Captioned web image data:
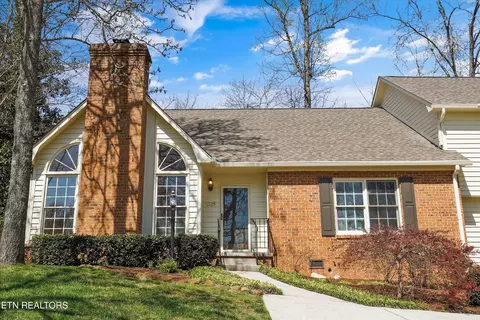 1129 Greywood Dr, Knoxville, TN 37923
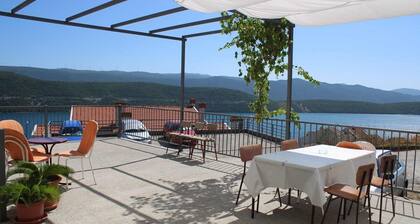 Apartmani Kata / Studio apartment 7 with Sea view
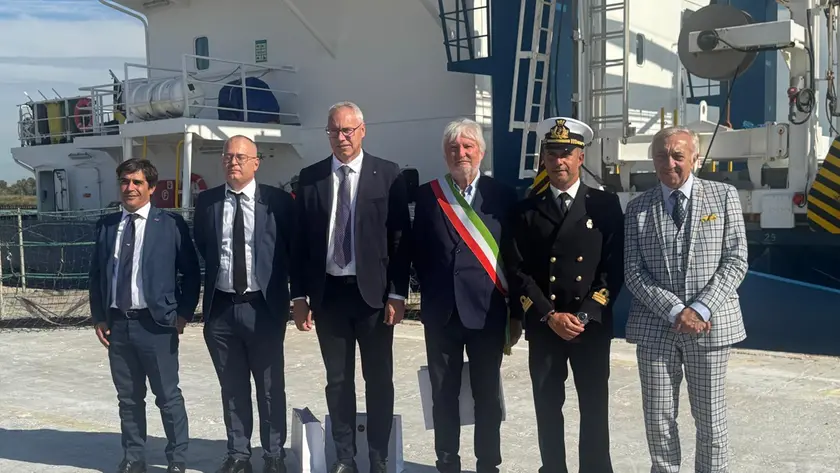 Da sinistra Scafidi, Gambardella, Bordin, Del Frate, Vadi e Carlini davanti al mercantile CL Nogaro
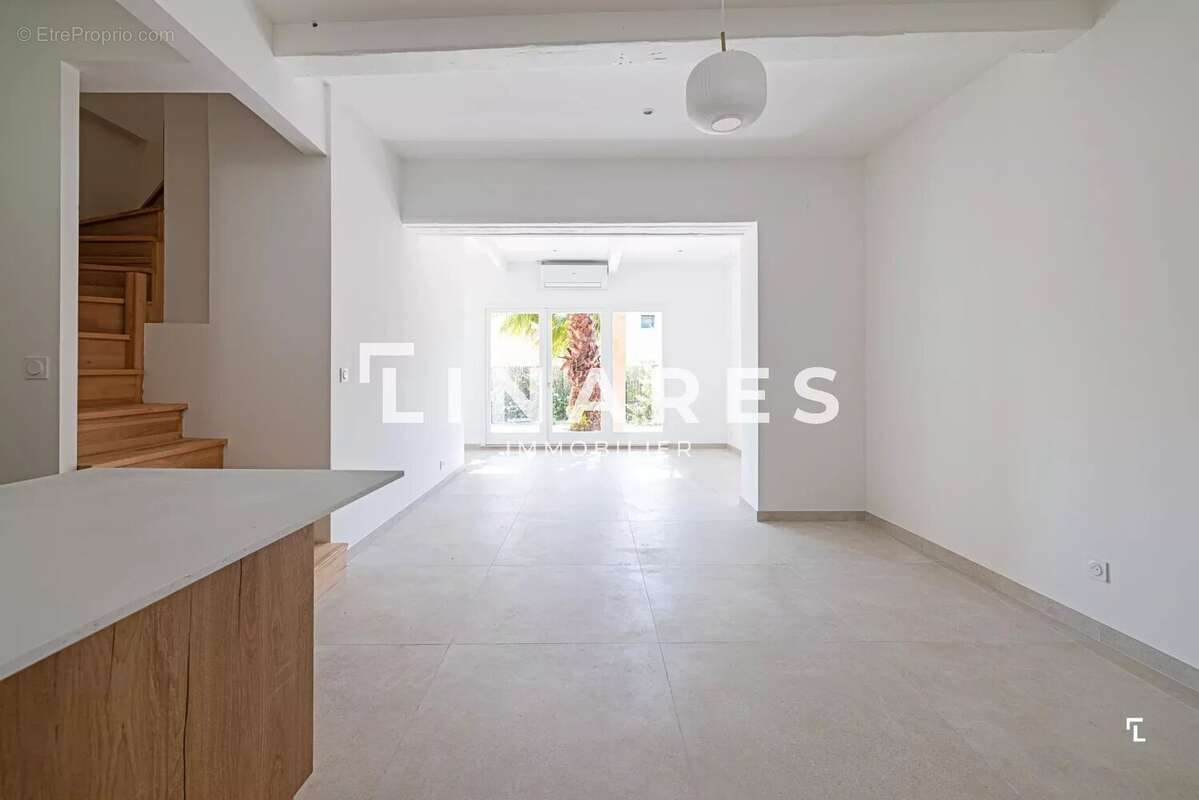 Maison à MARSEILLE-8E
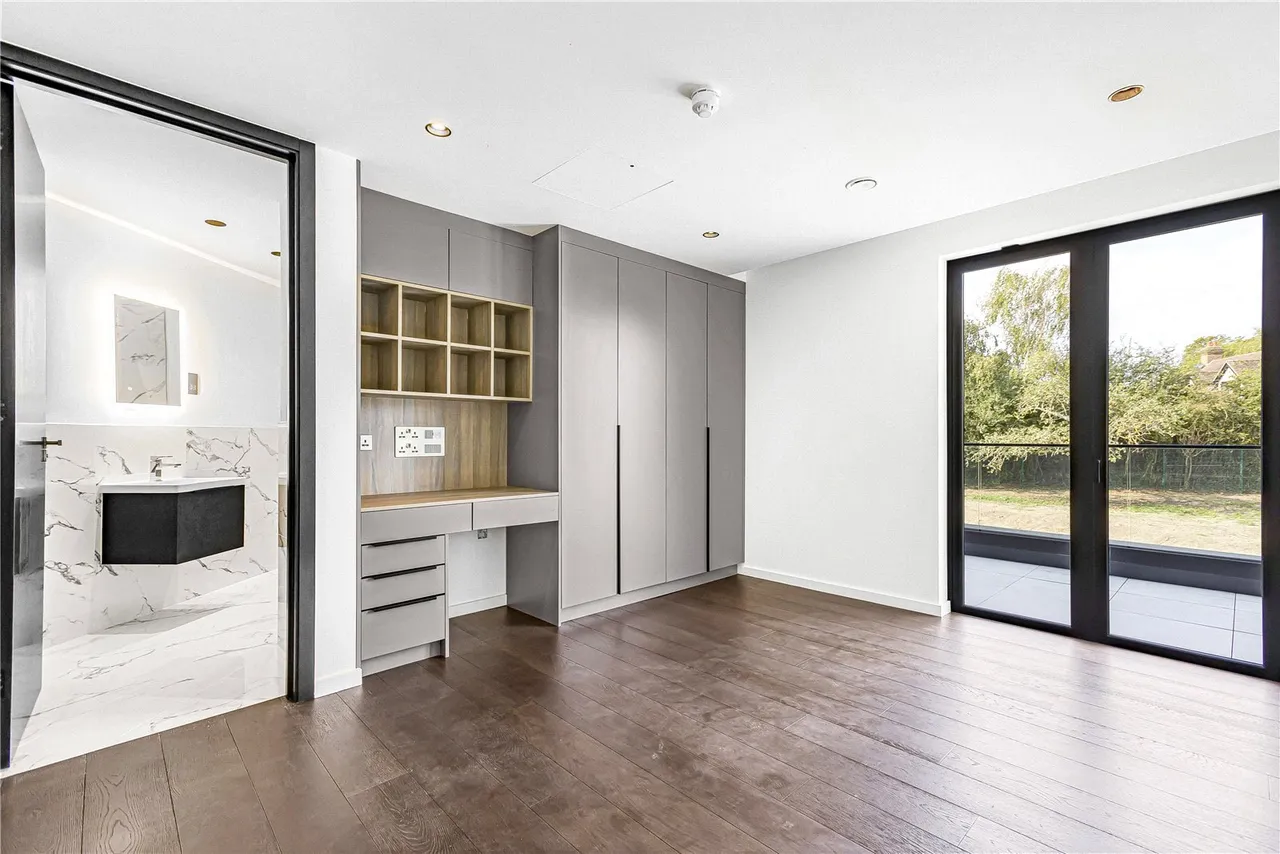 Rosebury Close, Goffs Oak, Waltham Cross, Hertfordshire, EN7 6UZ, photo 27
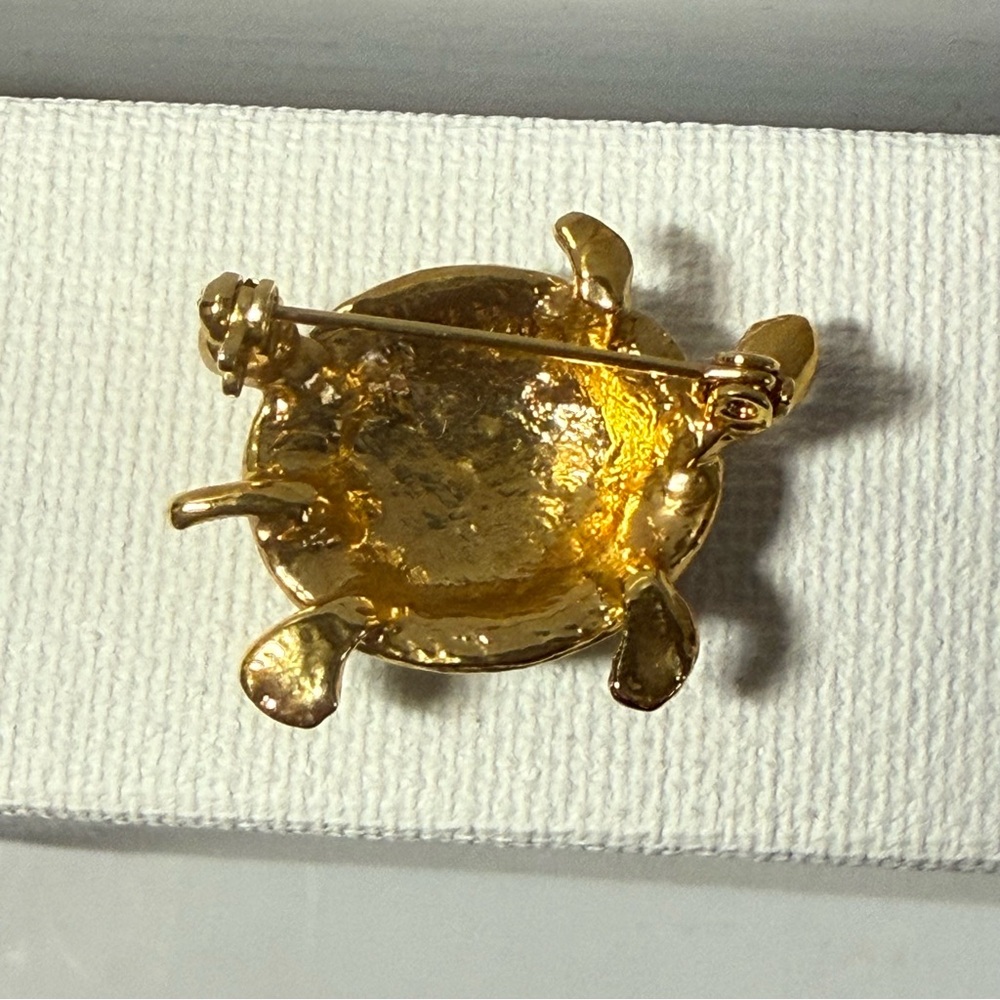 Vintage Gold Tone Enamel & Rhinestone Turtle Brooch Pin - Picture 8 of 11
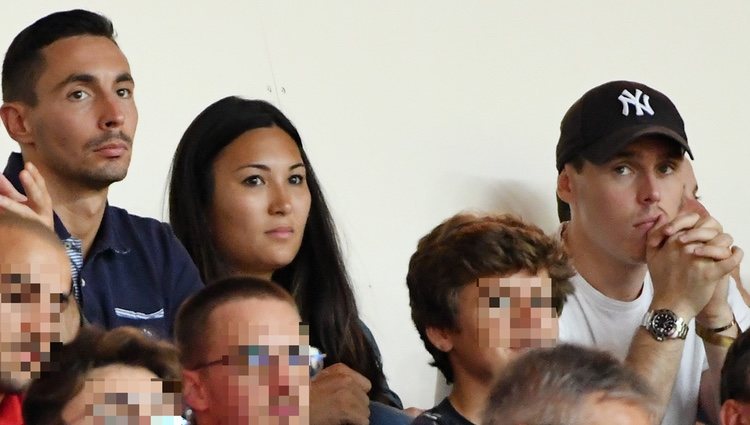 Louis Ducruet y Marie Chevallier viendo un partido de fútbol con Michael Ducruet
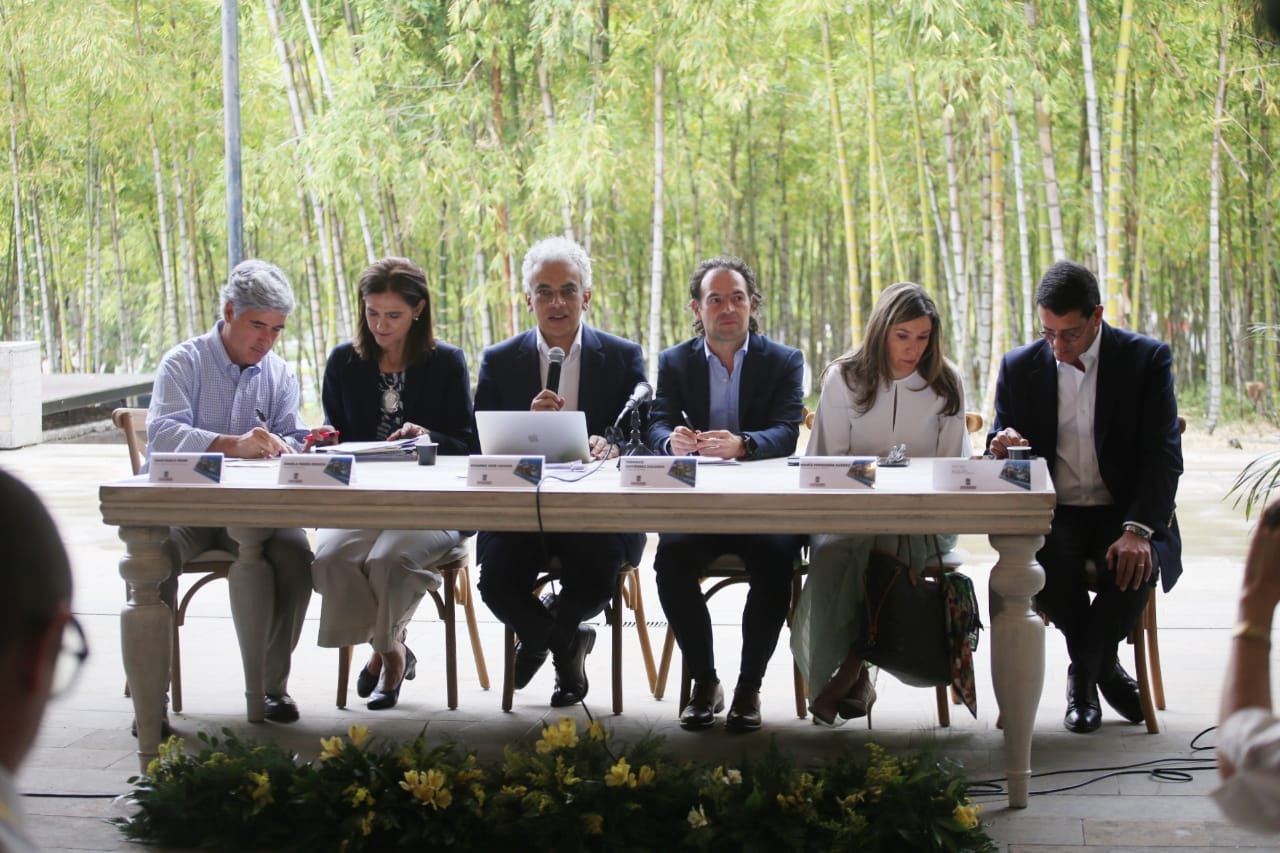 Gobierno Nacional presenta el estado de la calidad del aire en Colombia y la primera Estrategia Nacional de Calidad del Aire del país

Activity: Only the lines from the one containing "Louis Ducruet y" through the last line of the entries above belong in the copy; reproduce them exactly and drop every picture.

Task response:
 Louis Ducruet y Marie Chevallier viendo un partido de fútbol con Michael Ducruet
 Gobierno Nacional presenta el estado de la calidad del aire en Colombia y la primera Estrategia Nacional de Calidad del Aire del país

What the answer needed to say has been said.